How can networked data be leveraged for analytics?

By: Bart Baesens, Seppe vanden Broucke

This QA first appeared in Data Science Briefings, the DataMiningApps newsletter as a “Free Tweet Consulting Experience” — where we answer a data science or analytics question of 140 characters maximum. Also want to submit your question? Just Tweet us @DataMiningApps. Want to remain anonymous? Then send us a direct message and we’ll keep all your details private. Subscribe now for free if you want to be the first to receive our articles and stay up to data on data science news, or follow us @DataMiningApps.

You asked: How can networked data be leveraged for analytics?

Our answer:

Network based relationships can be explicit or implicit.  Examples of explicit networks are calls between customers, shared board members between firms, and social connections (e.g. family, friends, etc.).  Explicit networks can be readily distilled from underlying data sources (e.g. call logs) and their key characteristics can then be summarized using featurization procedures.  In our previous research (Verbeke et al., 2014; Van Vlasselaer et al., 2017), we found network data to be highly predictive for both customer churn prediction and fraud detection.  Implicit networks or pseudo networks are a lot more challenging to define and featurize.  Martens and Provost (2016) built a network of customers where links were defined based upon which customers transferred money to the same entities (e.g. retailers) using data from a major bank.  When combined with non-network data, this innovative way of defining a network based upon similarity instead of explicit social connections gave a better lift and profit for almost any targeting budget.  In another, award-winning study they built a geosimilarity network among users based upon location-visitation data in a mobile environment (Provost et al., 2015).  More specifically, two devices are considered similar and thus connected, when they share at least one visited location.  They are more similar if they have more shared locations and as these are visited by fewer people.  This implicit network can then be leveraged to target advertisements to the same user on different devices or to users with similar tastes, or to improve online interactions by selecting users with similar tastes.  Both of these examples clearly illustrate the potential of implicit networks as an important data source.  A key challenge here is to creatively think about how to define these networks based upon the goal of the analysis.

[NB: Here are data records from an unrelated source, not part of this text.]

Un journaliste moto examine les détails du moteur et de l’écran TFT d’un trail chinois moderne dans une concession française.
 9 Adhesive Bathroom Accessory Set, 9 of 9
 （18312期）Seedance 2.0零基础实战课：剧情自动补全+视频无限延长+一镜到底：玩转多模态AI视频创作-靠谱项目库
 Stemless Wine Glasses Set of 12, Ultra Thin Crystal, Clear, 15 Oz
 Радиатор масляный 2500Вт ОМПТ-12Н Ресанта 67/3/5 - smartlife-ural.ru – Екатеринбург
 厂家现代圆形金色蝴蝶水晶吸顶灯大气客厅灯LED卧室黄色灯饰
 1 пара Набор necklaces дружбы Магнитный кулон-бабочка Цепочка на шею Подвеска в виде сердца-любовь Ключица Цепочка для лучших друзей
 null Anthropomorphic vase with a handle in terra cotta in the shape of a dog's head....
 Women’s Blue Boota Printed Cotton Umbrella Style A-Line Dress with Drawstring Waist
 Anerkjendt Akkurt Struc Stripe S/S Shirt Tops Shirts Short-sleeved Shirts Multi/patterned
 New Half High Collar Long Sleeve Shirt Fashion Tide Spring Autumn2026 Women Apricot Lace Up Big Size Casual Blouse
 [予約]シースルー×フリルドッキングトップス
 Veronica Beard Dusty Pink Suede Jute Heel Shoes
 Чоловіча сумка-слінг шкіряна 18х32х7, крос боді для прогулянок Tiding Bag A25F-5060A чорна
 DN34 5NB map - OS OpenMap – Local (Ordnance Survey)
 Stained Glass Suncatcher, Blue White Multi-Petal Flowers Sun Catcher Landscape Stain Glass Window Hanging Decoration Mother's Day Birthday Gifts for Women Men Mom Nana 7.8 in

  • Martens D., Provost F., Mining Massive Fine-Grained Behavior Data to Improve Predictive Analytics, MIS Quarterly, Volume 40, Number 4, pp. 869-888, 2016.
  • Provost F., Martens D., Murray A., Finding Similar Mobile Consumers with a Privacy-Friendly Geosocial Design, Information Systems Research, Volume 26, Issue 2, pp. 243 – 265, 2015.
  • Van Vlasselaer V., Eliassi-Rad T., Akoglu L., Snoeck M., Baesens B., GOTCHA! Network-based Fraud Detection for Security Fraud, Management Science, forthcoming, 2017
  • Verbeke W., Martens D., Baesens B., Social network analysis for customer churn prediction, Applied Soft Computing, Volume 14, pp. 341-446, 2014.